Hi Jlove:  ...&quot; shall &quot; , away from legal documents , equal will......&quot; pass &quot; may be succeed or be accepted .....thus, the phrase may be : وهذا أيضاً سوف ينجح / يمر / يقبل ... more context may shed more light.


----------



## Mahaodeh

The literal meaning would be: وهذا أيضا سوف يمرّ but I believe the meaning of the expression is closer to: وهذا أيضا سوف ينقضي. My understanding is that it's used to refer to a bad situation that seems as if it would "destroy life as we know it" so to say.


----------



## LA KUPI

*Hello! Can anyone help me with the arabic translation of the phrase: *

*"This too shall pass", o en español: "Esto también pasará"*

*Thank you so much!!*

*Bye*

*Laura*


----------



## nado92

la kupi said:


> *hello! Can anyone help me with the arabic translation of the phrase: *
> 
> *"this too shall pass", *


*هذا أيضا سوف يمر أو يعدي*
*we say this when someone is in trouble and we want to strengthen him  we tell him,don't worry . It will be fine. this  will pass too as the  previous hard ones have  been overcome before   *


----------



## Naliworld

Hi there,

I'm looking to find a very short arabic translation (or abbreviated form) of the phrase "This too shall pass". After trawling around the forums for a while I turned up with دوام الحال من المحال. However if possible I would like to find a shorter version.

Searching around google for a while though I came across this that contains a picture captioned "This too shall pass written in Arabic". As I can't post URLs, the page can be found as the first google hit by typing in the keywords "this too shall pass ahrengot"

However, I haven't found this version anywhere else on the web.

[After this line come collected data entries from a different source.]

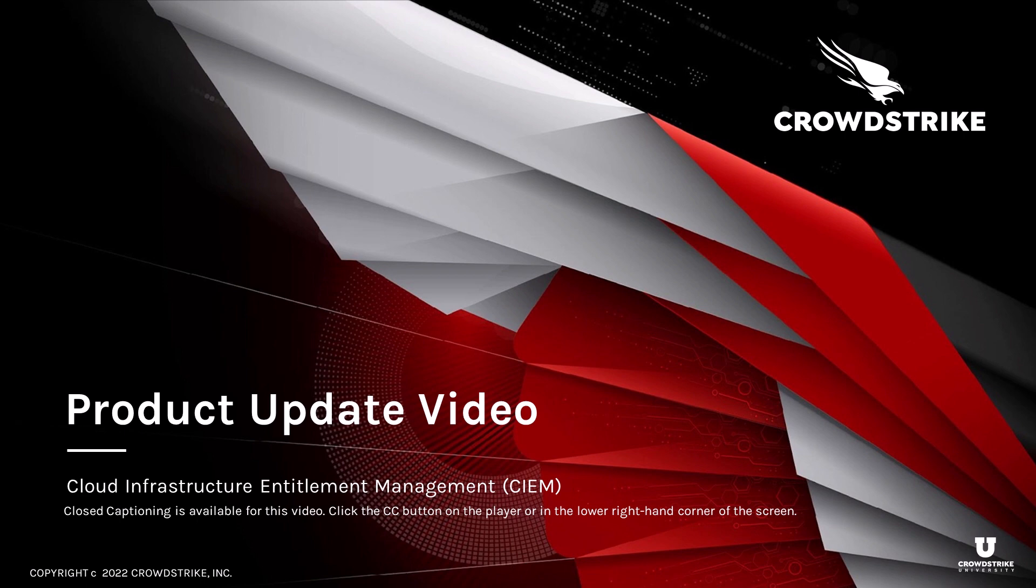Hello and thank you for joining us for this product update video. This session will provide a brief overview of the newly released CIEM feature for management of identity and privileges.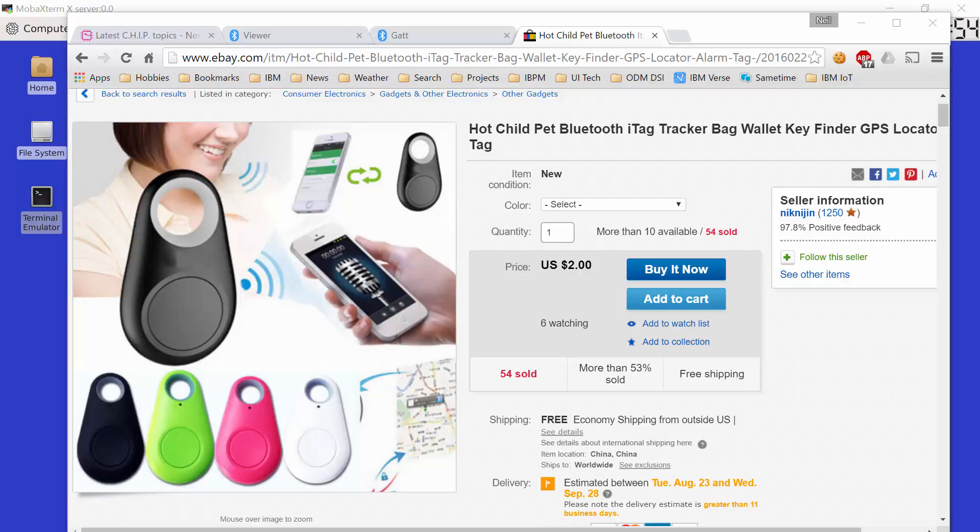Secondly, if it goes out of range, the device which has made the connection, maybe your cell phone, can start beeping as well to let you know that the device is now out of range. So for example, imagine attaching this to your billfold or your car keys or something you don't want to lose, a pet or a child, that sort of thing. And if they go out of range of your Bluetooth transmitter, then you'll know about it.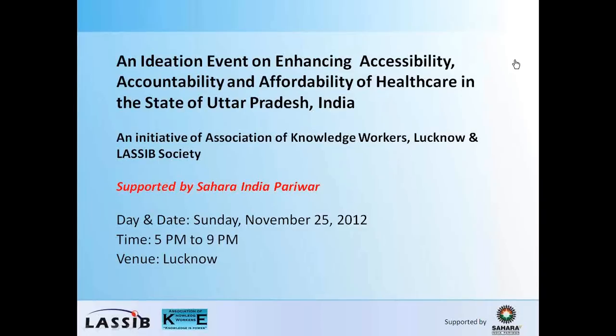Hello, everyone. Welcome to this short voiceover presentation to explain to you what is the methodology we are going to adopt in the ideation event on enhancing accessibility, accountability, and affordability of health care in the state of Uttar Pradesh, India. As you know, this ideation event is due on Sunday, November 25, 2012, from 5 p.m. to 9 p.m., and this has been very graciously supported by Sahara India Paribar. The ideation event has been conceptualized and brought to life by the joint initiative of the Association of Knowledge Workers Lucknow and the LASIF Society. My name is Rajan Johri, and I am going to take just a few minutes of your precious time in explaining to you what the event is all about.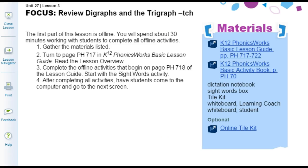For this lesson, you will need the Lesson Guide, pages 717 to 722, the Phonics Works Activity Book, page 70, the Dictation Notebook, Sight Words Box, Tile Kit, and Whiteboard.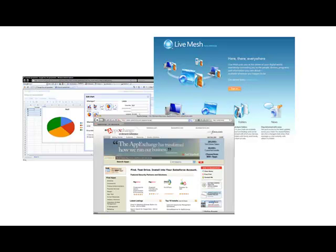These developments lay the groundwork for an emerging web where machine intelligence, meaningful search, and a personalized user experience will guide the next wave of web applications.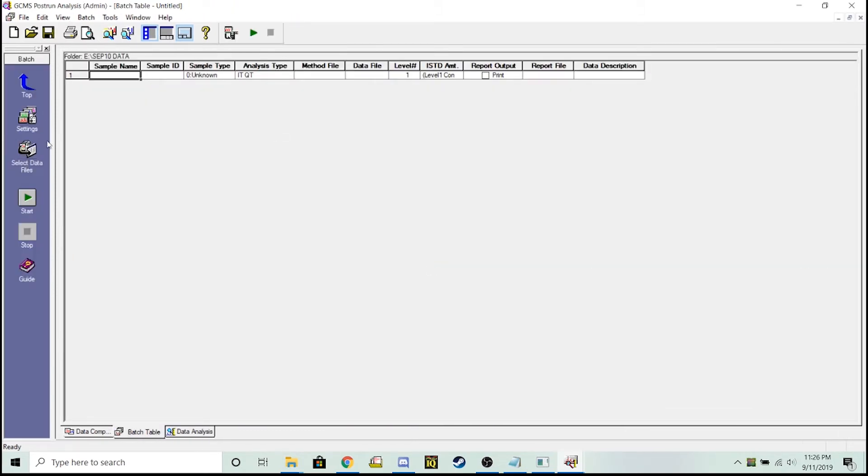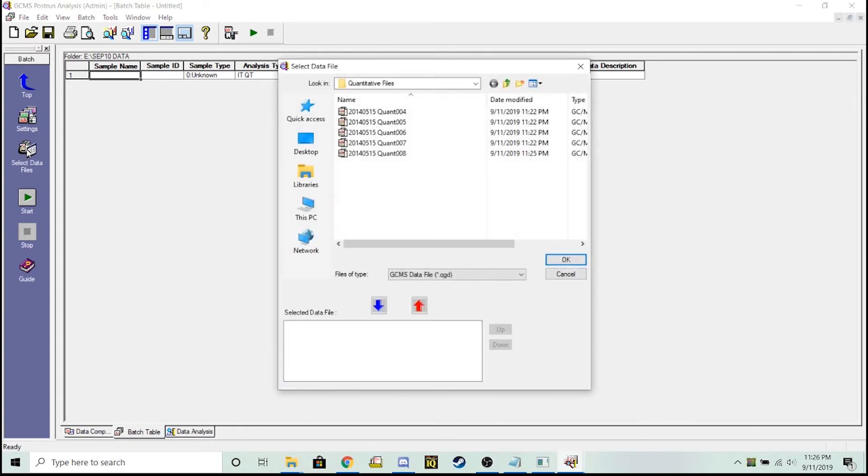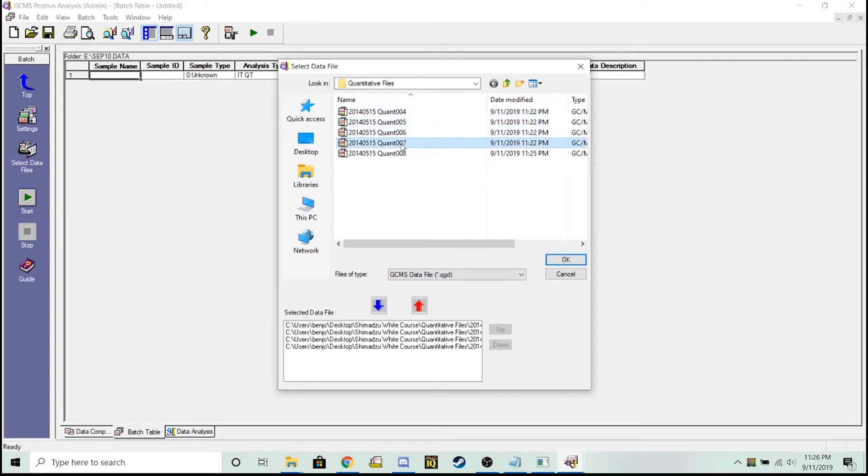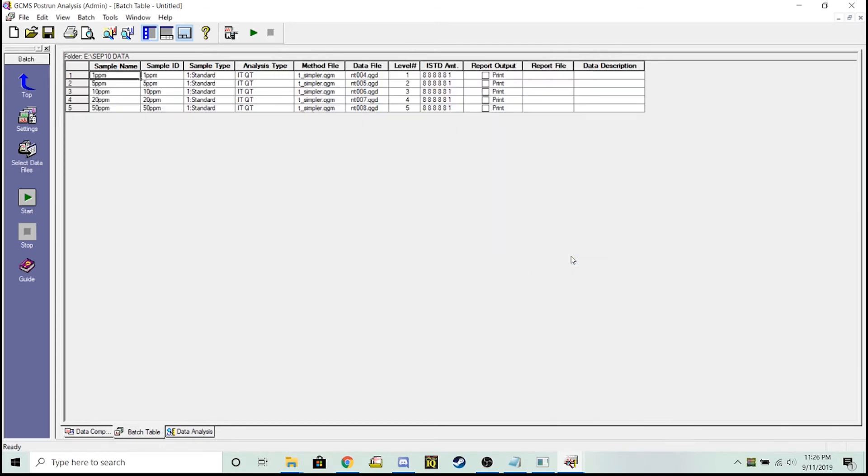I'm going to start by selecting my data files. When I do this, it's important to load them from low concentration to high just by double clicking. So I'm going to double click each one of these. Okay, looks like that loaded in just fine.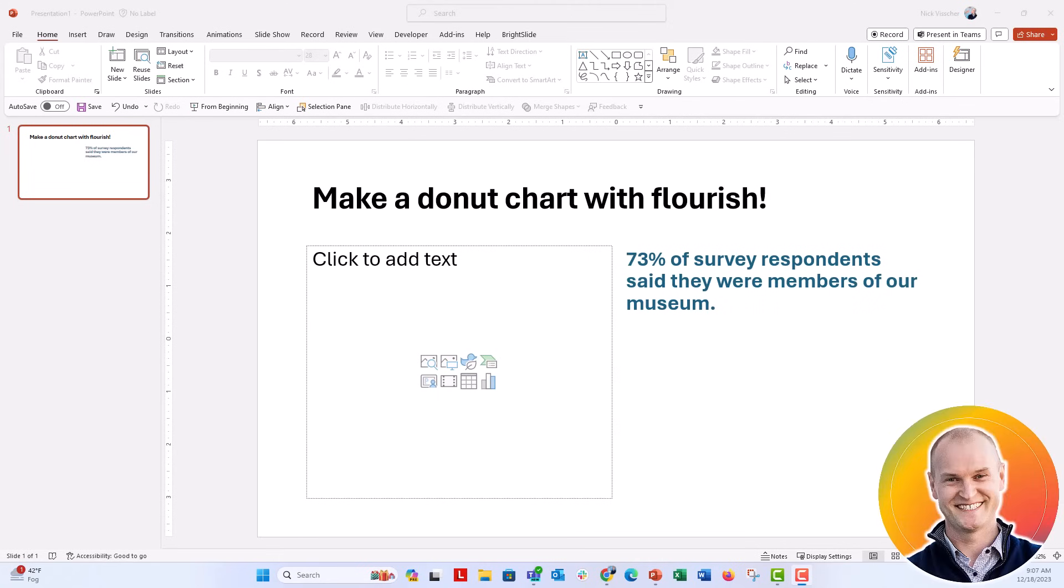Hi everybody, this is Nick and I wanted to come to you with a really quick little design tip that will make your donut charts pop.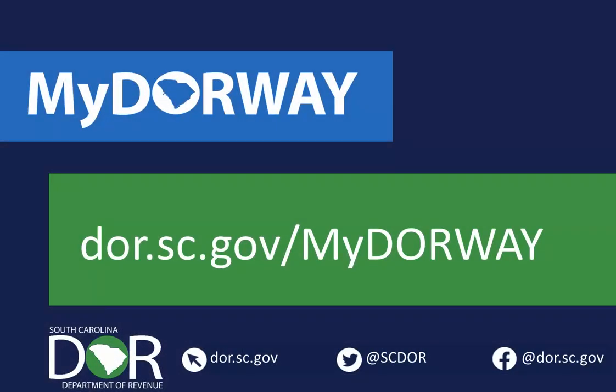For more information about MyDoorway, including tutorials and how to sign up, visit dor.sc.gov slash MyDoorway. Thank you.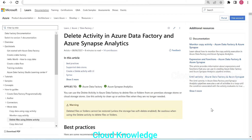Hi all. Welcome to the channel Cloud Knowledge. Today in this video, we'll study about delete activity in Azure Data Factory and Azure Synapse Analytics.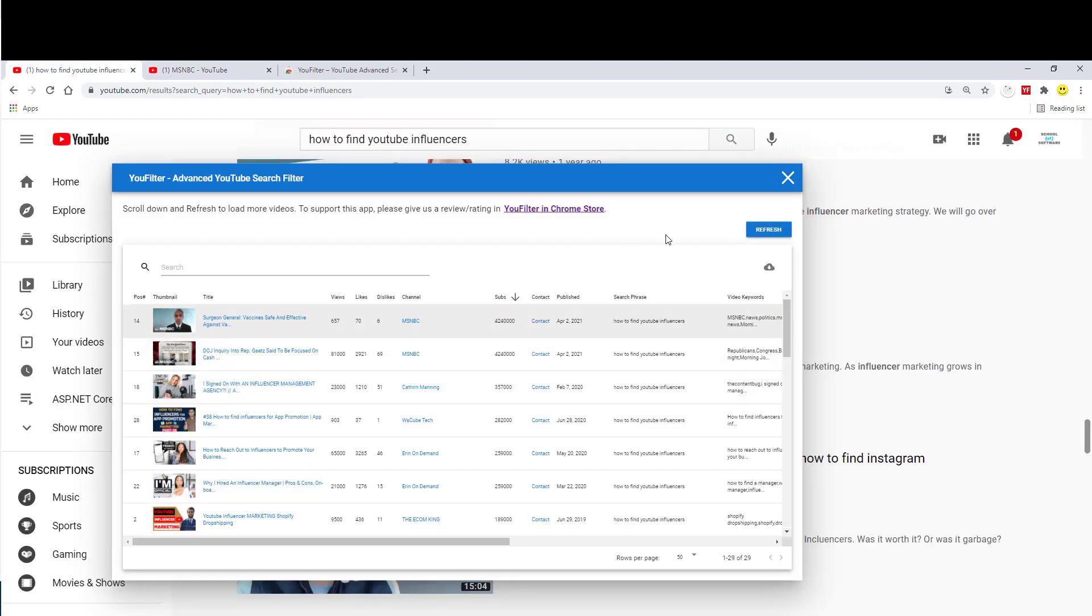Or you can also download this list to Excel and then do some more things with the data.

Can anyone confirm that the picture is really "This too shall pass" in Arabic? Many thanks!


----------



## Jlove

What is the difference between هذا أيضا سوف يمر أو يعدي and وهذا أيضاً سوف ينجح / يمر / يقبل  ??


----------



## rayloom

يمر & يعدي is pass in the sense of passing! يعدي althogh correct in MSA, it feels colloquial.
ينجح is pass in the sense of passing a test.
يقبل means accepted.


----------



## إسكندراني

يبدو لي أنّ المعنى المُراد هو:
ستفوت هي الأخرى
أو
سيفوت هذا الموقف أيضاً
أو
سيذهب عنك هذا مثلما ذهبت من قبله الهموم


----------



## A-class-act

Naliworld said:


> Hi there,
> 
> I'm looking to find a very short arabic translation (or abbreviated form) of the phrase "This too shall pass". After trawling around the forums for a while I turned up with دوام الحال من المحال. However if possible I would like to find a shorter version.
> 
> Searching around google for a while though I came across this that contains a picture captioned "This too shall pass written in Arabic". As I can't post URLs, the page can be found as the first google hit by typing in the keywords "this too shall pass ahrengot"
> 
> However, I haven't found this version anywhere else on the web.
> 
> Can anyone confirm that the picture is really "This too shall pass" in Arabic? Many thanks!


دوام الحال من المحال would be a good idiom.


----------



## psxws

A-class-act said:


> دوام الحال من المحال would be a good idiom.



What would be the literal translation for that?


----------



## Ghabi

psxws said:


> What would be the literal translation for that?


The lasting of a condition is impossible.


----------



## ayed

I think you need the context to give a better meaning ..


----------



## إسكندراني

BTW in Egyptian Arabic I would normally say مسيرها وتعدّي or هانت.


----------



## Jlove

So وهذا أيضا سوف يمرّ is a correct translation?


----------



## إسكندراني

Yes but it isn't in use so doesn't bring the same connotations.


----------



## Jlove

Why isnt it in use?


----------



## Jlove

What about ‎​هذا ايضا سوف يمر ??


----------



## Xence

This is a too literal translation (post #3).
If you're looking for an idiomatic expression, then دوام الحال من المحال (post #6) is the best one, in my opinion.


----------